Assignment:
Only one span of the listing below is wanted: the lines from the one with "Lavande Hotel Zhuhai" through the one with "lncito1118's profile picture.", reproduced exactly, both ends kept.

Records provided:
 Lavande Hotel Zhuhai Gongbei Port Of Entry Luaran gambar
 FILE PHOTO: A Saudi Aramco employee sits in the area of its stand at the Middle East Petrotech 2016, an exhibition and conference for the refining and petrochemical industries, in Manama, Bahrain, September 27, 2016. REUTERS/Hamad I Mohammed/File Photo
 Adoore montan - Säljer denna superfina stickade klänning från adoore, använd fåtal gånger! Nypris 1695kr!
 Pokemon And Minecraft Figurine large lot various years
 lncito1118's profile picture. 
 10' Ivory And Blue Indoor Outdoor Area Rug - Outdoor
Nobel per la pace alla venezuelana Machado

--

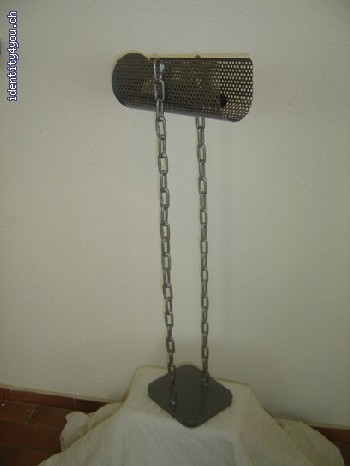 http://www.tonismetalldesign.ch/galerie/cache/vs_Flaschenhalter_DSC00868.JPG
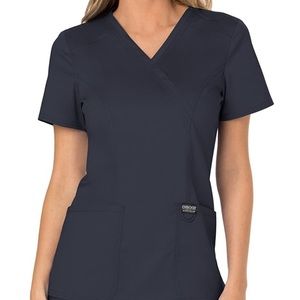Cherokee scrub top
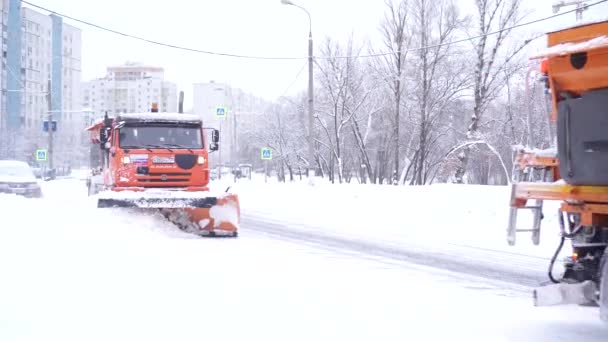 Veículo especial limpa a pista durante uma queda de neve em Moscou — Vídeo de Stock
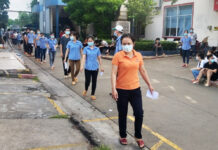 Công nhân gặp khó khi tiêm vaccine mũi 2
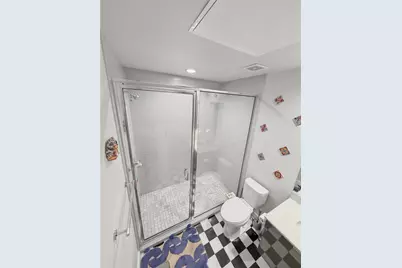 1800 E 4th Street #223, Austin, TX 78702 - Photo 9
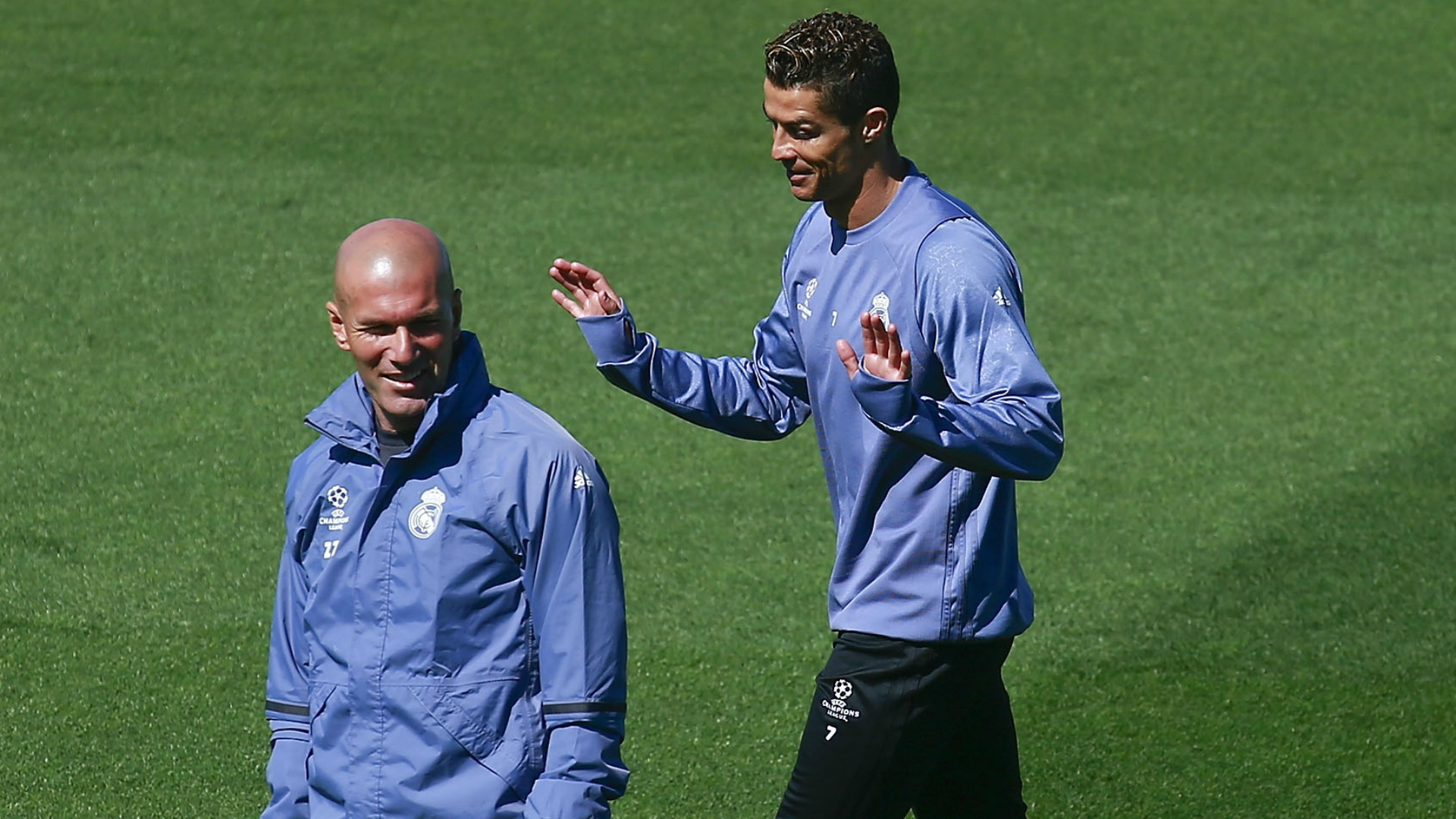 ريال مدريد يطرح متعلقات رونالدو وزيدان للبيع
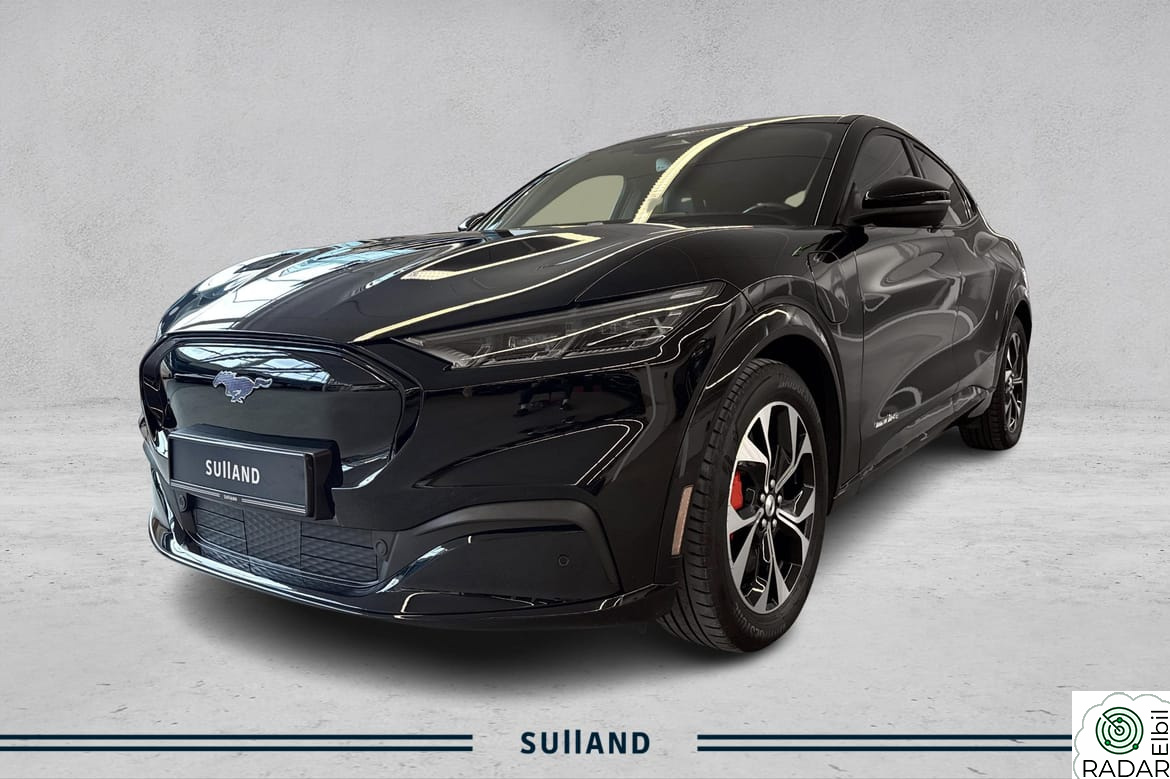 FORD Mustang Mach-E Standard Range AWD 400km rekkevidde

* * *

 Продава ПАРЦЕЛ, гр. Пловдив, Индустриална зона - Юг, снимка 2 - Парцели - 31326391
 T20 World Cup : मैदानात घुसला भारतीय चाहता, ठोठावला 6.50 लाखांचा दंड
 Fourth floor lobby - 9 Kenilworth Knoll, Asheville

Answer section:
 Lavande Hotel Zhuhai Gongbei Port Of Entry Luaran gambar
 FILE PHOTO: A Saudi Aramco employee sits in the area of its stand at the Middle East Petrotech 2016, an exhibition and conference for the refining and petrochemical industries, in Manama, Bahrain, September 27, 2016. REUTERS/Hamad I Mohammed/File Photo
 Adoore montan - Säljer denna superfina stickade klänning från adoore, använd fåtal gånger! Nypris 1695kr!
 Pokemon And Minecraft Figurine large lot various years
 lncito1118's profile picture. 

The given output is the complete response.